Exercise brief: Without changing a word, copy every line of the listing below and leave out the images.

Dataset extract:
((
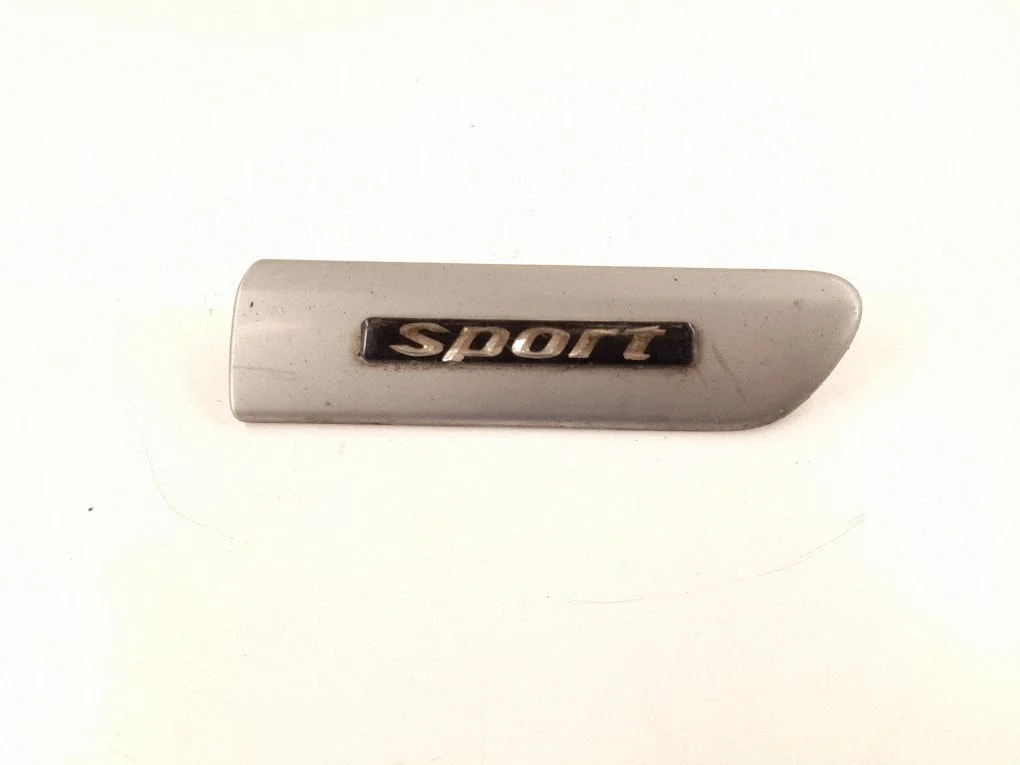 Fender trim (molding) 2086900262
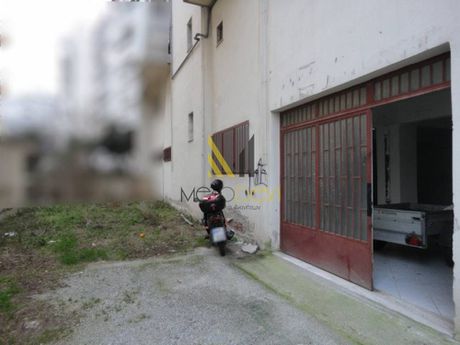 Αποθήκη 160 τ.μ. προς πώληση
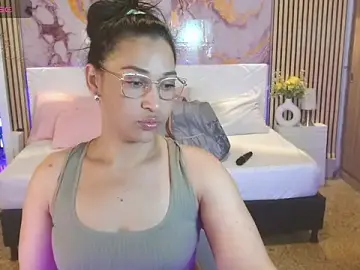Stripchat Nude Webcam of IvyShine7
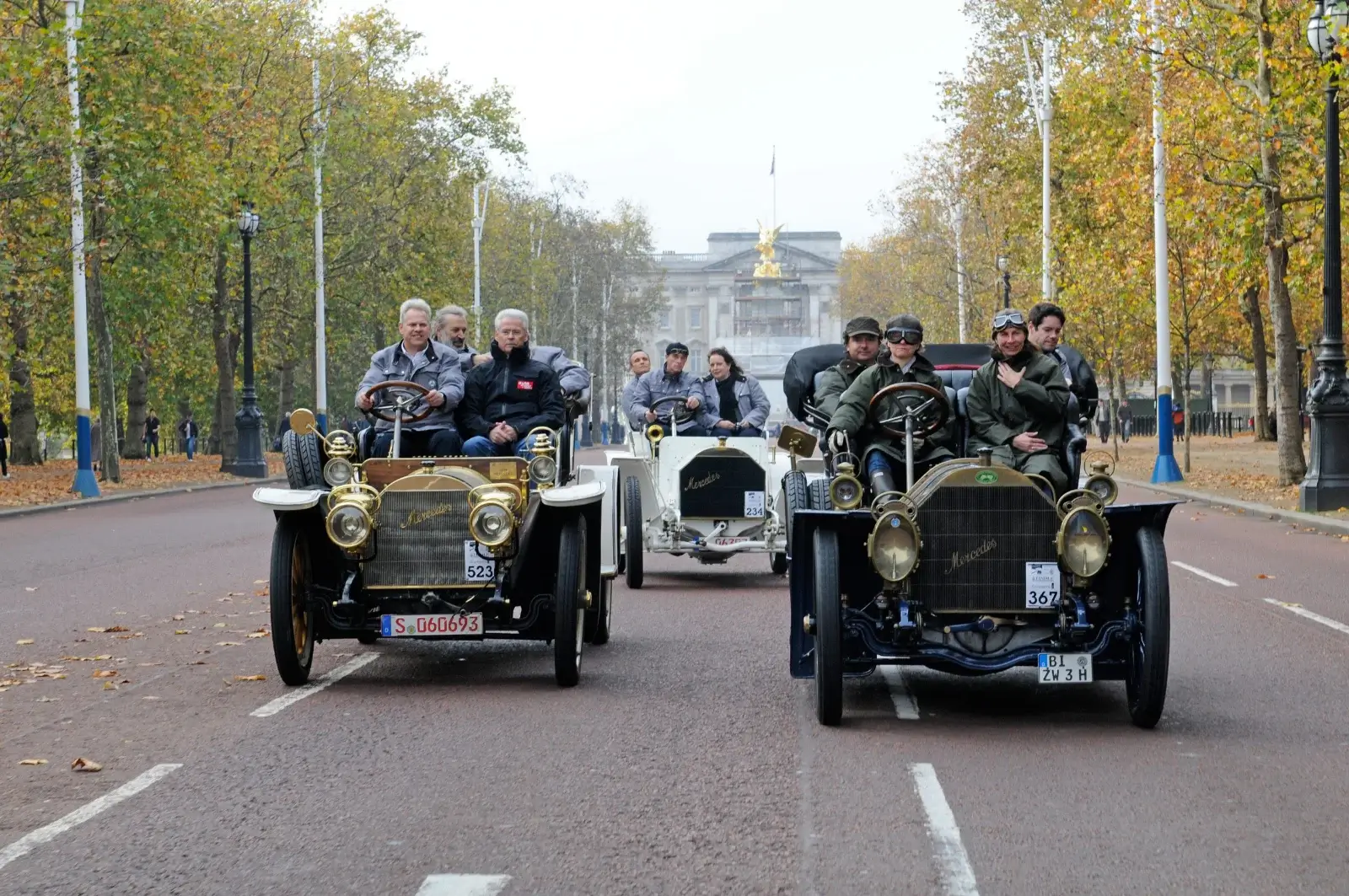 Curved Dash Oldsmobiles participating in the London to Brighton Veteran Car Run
))
Answer box:
 Fender trim (molding) 2086900262
 Αποθήκη 160 τ.μ. προς πώληση
Stripchat Nude Webcam of IvyShine7
 Curved Dash Oldsmobiles participating in the London to Brighton Veteran Car Run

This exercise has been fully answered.